(Data records)
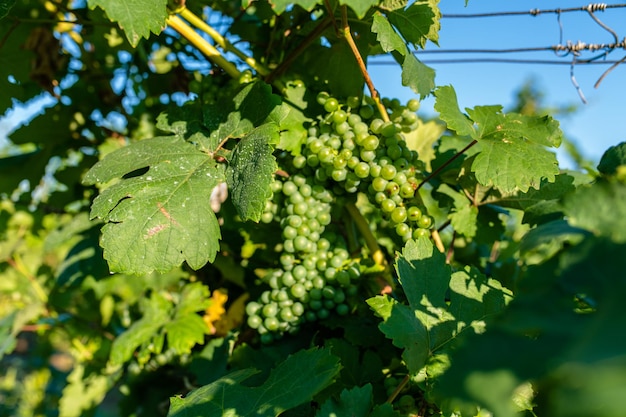 Summer vineyard the period when the grapes ripen for the production of tasty wine a beautiful sun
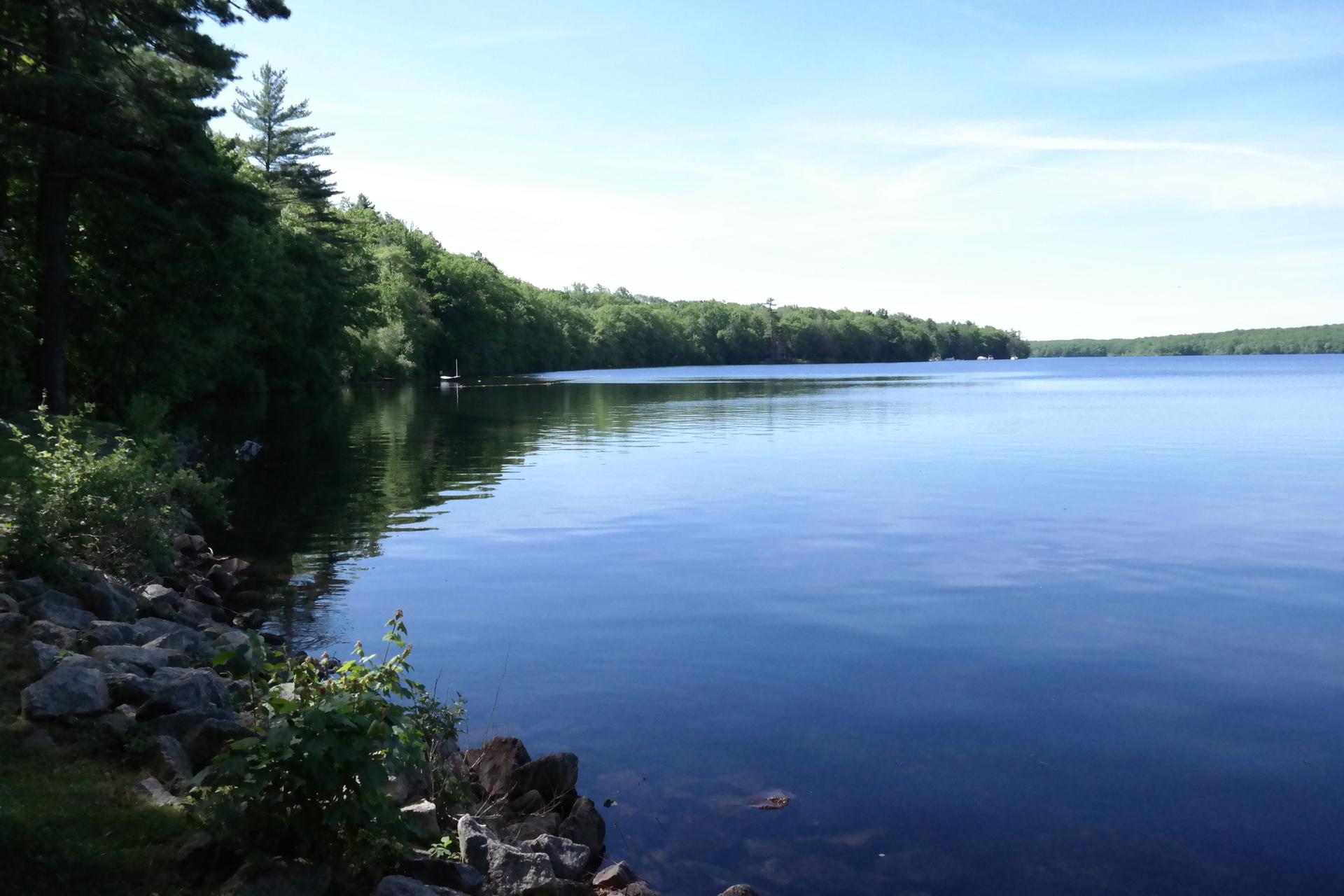 Calm blue lake with forested shores under a bright, sunny sky.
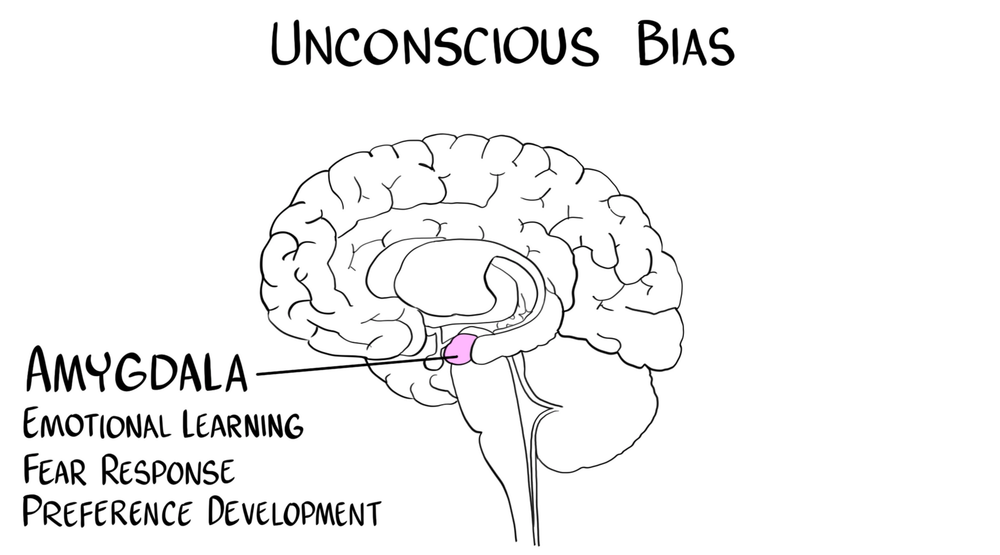Graphic of a brain with the amygdala highlighted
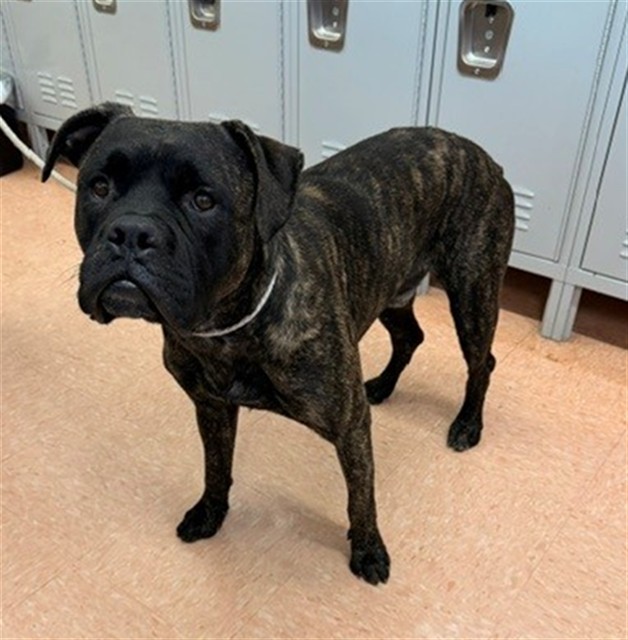 Shelter Stray Male Dog last seen , 216 W Victoria St, Gardena, CA 90248, USA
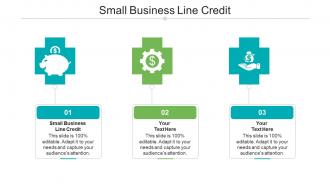 Small business line credit ppt powerpoint presentation show topics cpb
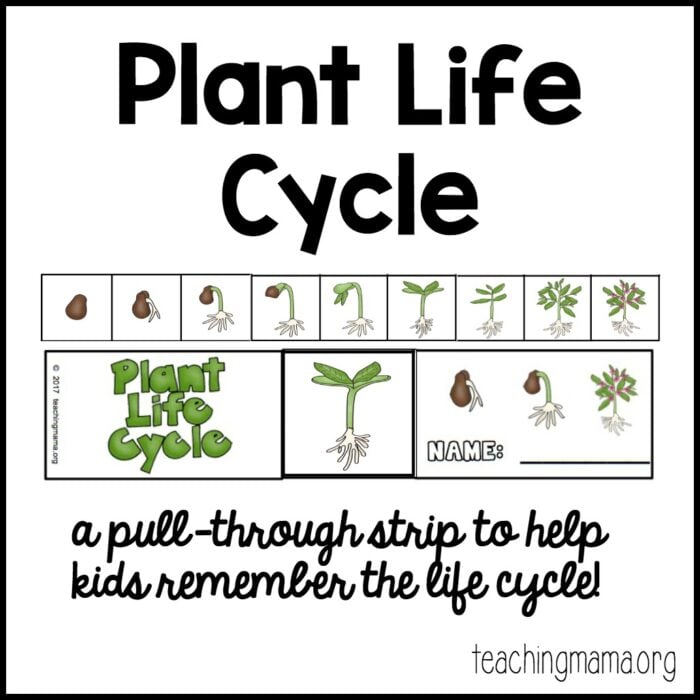 plant life cycle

# TASK TO COMPLETE
Each entry above should be written out verbatim, minus its pictures.

# EXERCISE ANSWER
 Summer vineyard the period when the grapes ripen for the production of tasty wine a beautiful sun
 Calm blue lake with forested shores under a bright, sunny sky.
Graphic of a brain with the amygdala highlighted
 Shelter Stray Male Dog last seen , 216 W Victoria St, Gardena, CA 90248, USA
 Small business line credit ppt powerpoint presentation show topics cpb
 plant life cycle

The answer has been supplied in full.